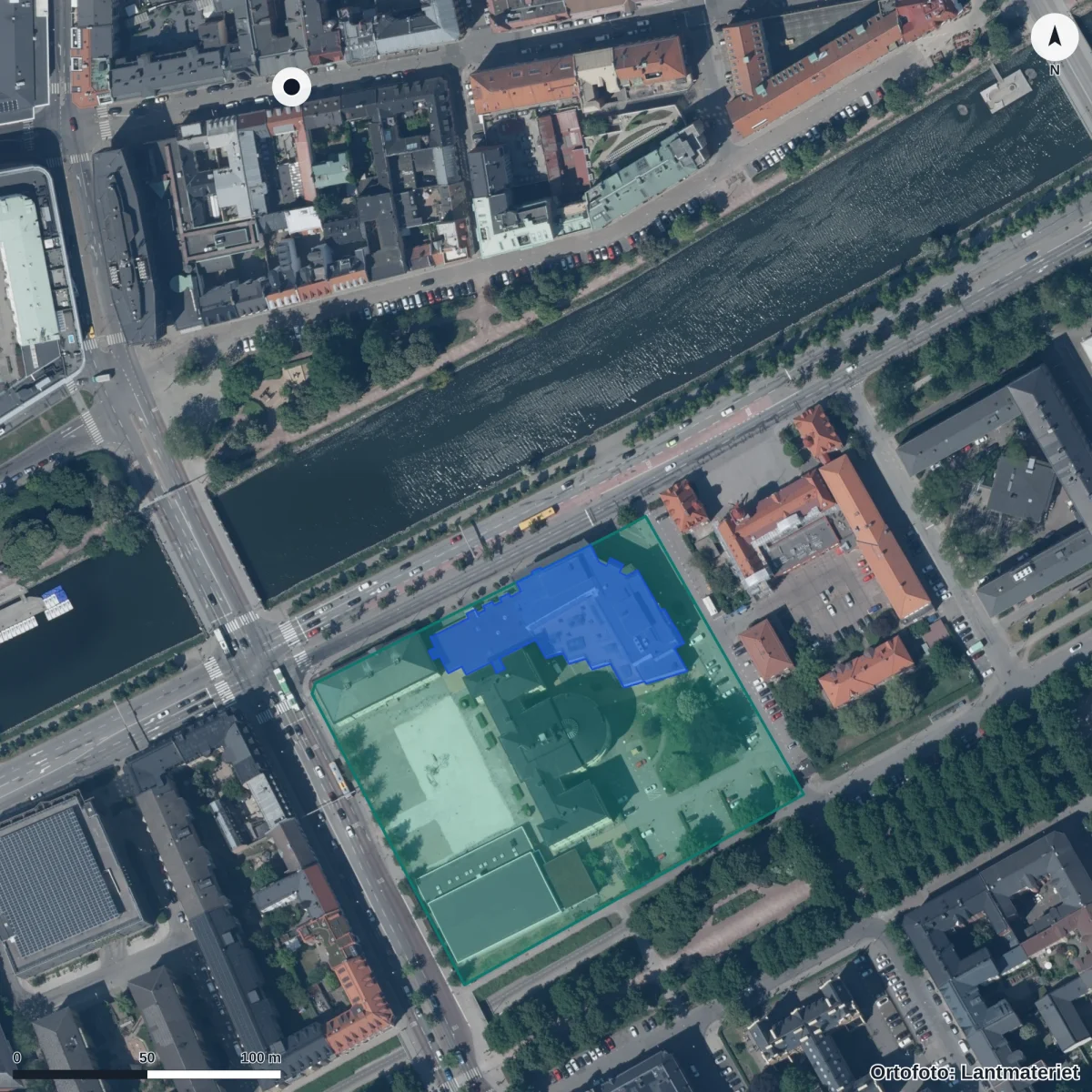 Flygbild över Förskolan Finjasjöpark, ortofoto från Lantmäteriet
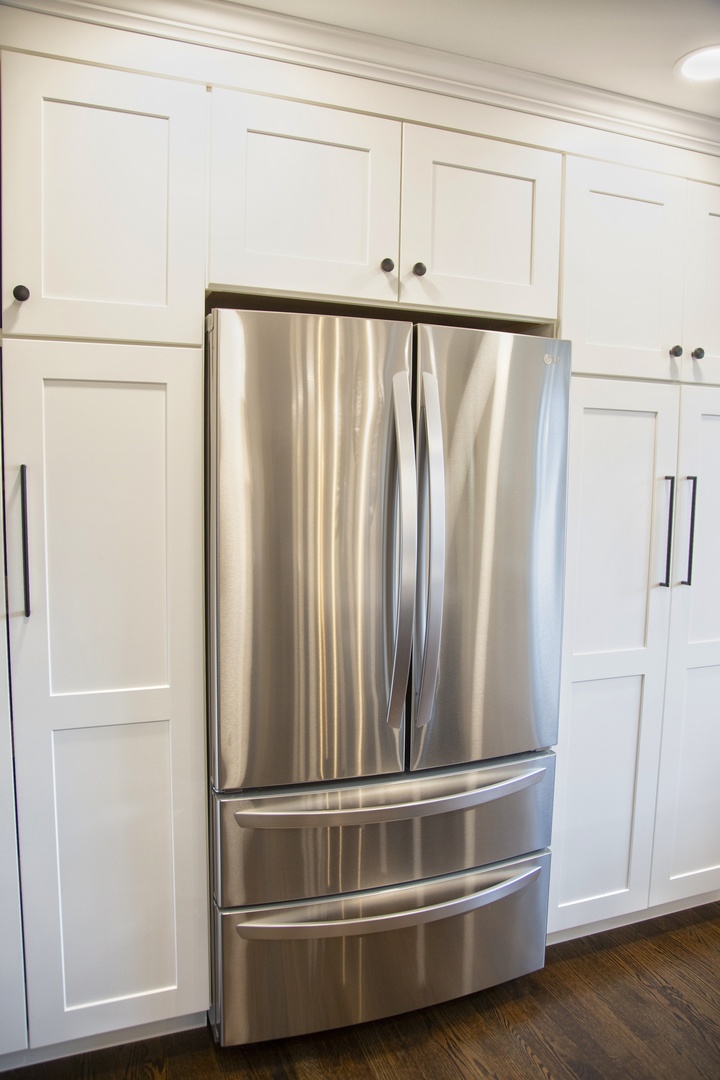 2S316 Arrowhead Drive, Wheaton, IL 60189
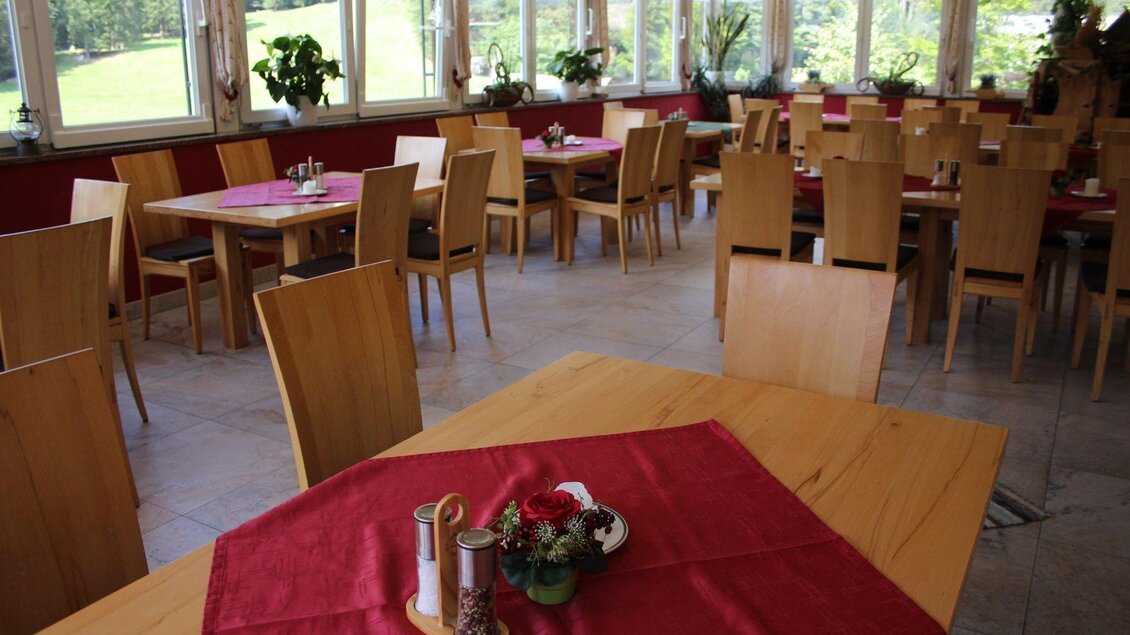 Blaa Alm, Altaussee, Tisch im Wintergarten | © Viola Lechner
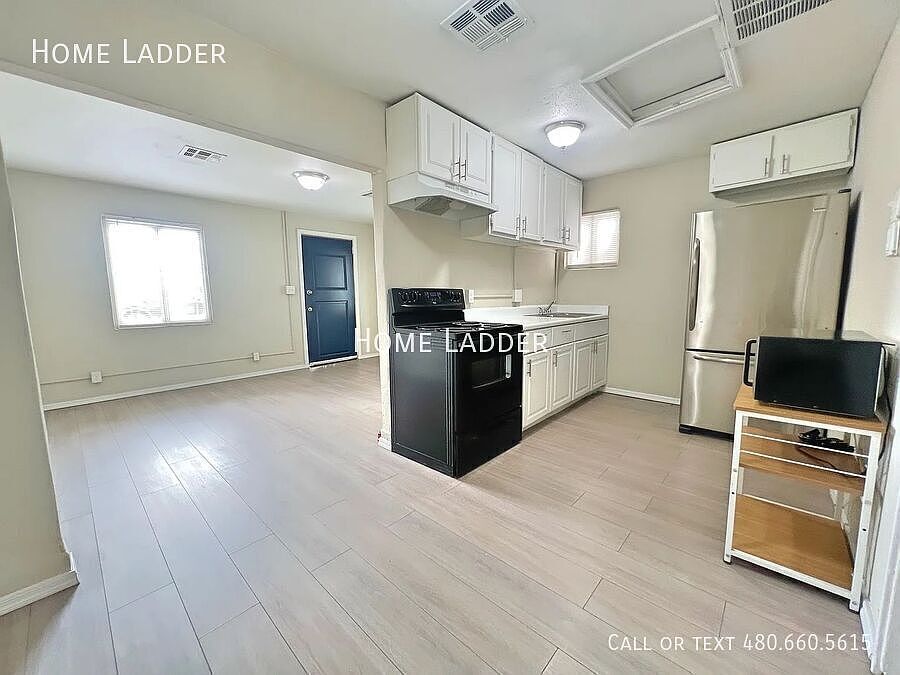1st image of 927 S 35th Ave APT 1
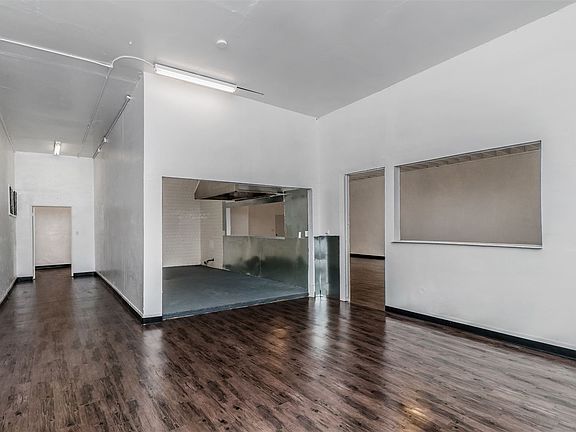 8129-San-Pedro-St-17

◆ **What to produce**
Would you set down the material exactly as it stands, without the pictures?

◆ **Reply to the task**
 Flygbild över Förskolan Finjasjöpark, ortofoto från Lantmäteriet
 2S316 Arrowhead Drive, Wheaton, IL 60189
 Blaa Alm, Altaussee, Tisch im Wintergarten | © Viola Lechner
1st image of 927 S 35th Ave APT 1
 8129-San-Pedro-St-17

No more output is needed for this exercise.